Lavandaie calabresi.
di Maria Lombardo
Quello della lavandaia in Calabria come in
tutto il Mezzogiorno era un lavoro a tutti gli effetti. Vi erano massaie che
dovevano espletare questo faticoso lavoro per la propria famiglia e per i
“gnuri”. Fino alla metà del secolo scorso per poter lavare queste donne
dovevano recarsi alla fiumara! La fiumara era un’importante risorsa per la
gente comune, specialmente per la donna calabrese in veste di lavandaia.Il rito
del lavaggio dei panni iniziava in casa dove la massaia faceva “à vucata” ossia
il bucato. Inizia con un prelavaggio a mano e olio di gomito col sapone di
casa, l'arnese principale per svolgere questa tecnica. Forza e concentrazione
erano all'ordine del giorno, la donna si caricava di una cesta in vimini di
forma circolare adagiata su mattoni o pietre ben pulite. L'insaponatura come
detto in calce veniva nell'aia di casa e perciò la biancheria veniva sfregata e
torciuta, lasciata qualche minuto al sole di Calabria e poi posizionata a ruota
“ ntà cofana”. Siccome però con tutto il bel da fare di “servizzi intà a casa”

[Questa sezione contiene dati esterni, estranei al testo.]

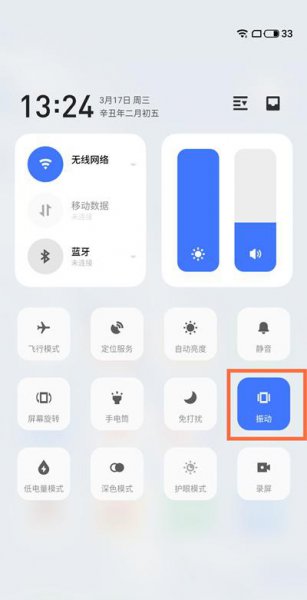 魅族18pro振动模式怎么设置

non si conosceva l'orario giusto per recarsi al fiume. Avvolte ci si recava nel
primissimo pomeriggio! Quindi la cesta veniva ricoperta con un telo forte e
coprente “u cinnerali” fatto di canapa o cotone. Si chiamava cinnerali poiché
si usava uno strato di cenere passata al setaccio e rigettata di tanta acqua
bollente. Acqua e cenere che alchimia particolare che sbiancava tutto il
bucato. L’ultimo panno serviva da filtro a quest’acqua che impregnava quelli
sottostanti. Era qualcosa di magico e strano quel misto che faceva diventare
bianca e profumata la biancheria tessuta al telaio. Ogni famiglia aveva questi
pezzi d'artigianato locale ed il ciclo economico produttivo permetteva a tutti
il lavoro. Il liquido che però scolava dalla cesta era la liscìja, cioè la lisciva,
e possedeva capacità detergenti elevate. Per questo era prezioso. Un miscuglio
di cenere ricavata dal fuoco dei bracieri o dalla cucina a carbone, setacciata
e messa a bollire per una diecina di minuti con dellíacqua ed ancora così calda
versata sopra i panni. L'ultimo panno serviva da filtro a questíacqua che
impregnava quelli sottostanti. Un'altra cesta più piccola faceva da coperchio e
si lasciava tutto così per una notte. L'indomani la lisciva seccata lasciava
sul telo di copertura dei piccoli granellini, andava quindi levato piano e
scosso. Si poteva poi procedere al risciacquo finale dei panni ed alla loro
stesura al sole che combinandosi con tutto il processo di lavaggio conferiva ai
panni quel biancore particolare e quel profumo di pulito che tutte le più
sofisticate proprietà dei moderni detersivi non ci daranno mai più. Anche la
lisciva non si sprecava si conservava per lavare i capi delicati o per lavare i
piatti i pavimenti ( se c'erano) mentre col primo liquido che usciva e che era
davvero sporco lavava gli stracci.Col successivo, più chiaro, lavava i panni
colorati e le maglie di lana, che poi sciacquava alla maniera della biancheria;
puliva e disinfettava i letti, spesso invasi dai parassiti e, a dosaggi
diluiti, puliva persino i capelli, per renderli lucenti e morbidi. Infine
“cofina” in testa e forza energica ci si recava al fiume. Erano poche le case
in cui era presente “ a ' PILICEDDA CU U "STRICATURI", aggiungerò
alcune note storiche utili la pila con superficie laterale ruvida a scanalature
arrivò nell'isola di Sicilia ed in Calabria già tra la fase degli emiri arabi e
il florido regno normanno di Ruggero I di Sicilia. Infatti quando nessuna
tecnologia attuale come lavatrici o quant'altro era presente in Sicilia e nelle
sue isole minori, spesso borgate e paesi nella piazza centrale erano muniti di
sorgive o fontane pubbliche per permettere la pulizia del bucato. Grazie al
ruvido materiale pietroso con cui sono ricavate le pile, lo sporco più intenso
veniva "grattato" più volte dopo aver inumidito il panno, scivolando
via e dunque garantendo la pulizia. Fino a 60 anni fa circa era l'unico metodo
al quale le instancabili donne si affidavano. Oggi soltanto le arzille donnine
più anziane usano "a' pilicedda" per il bucato delicato e pregiato che
è presente in molti cortili delle case.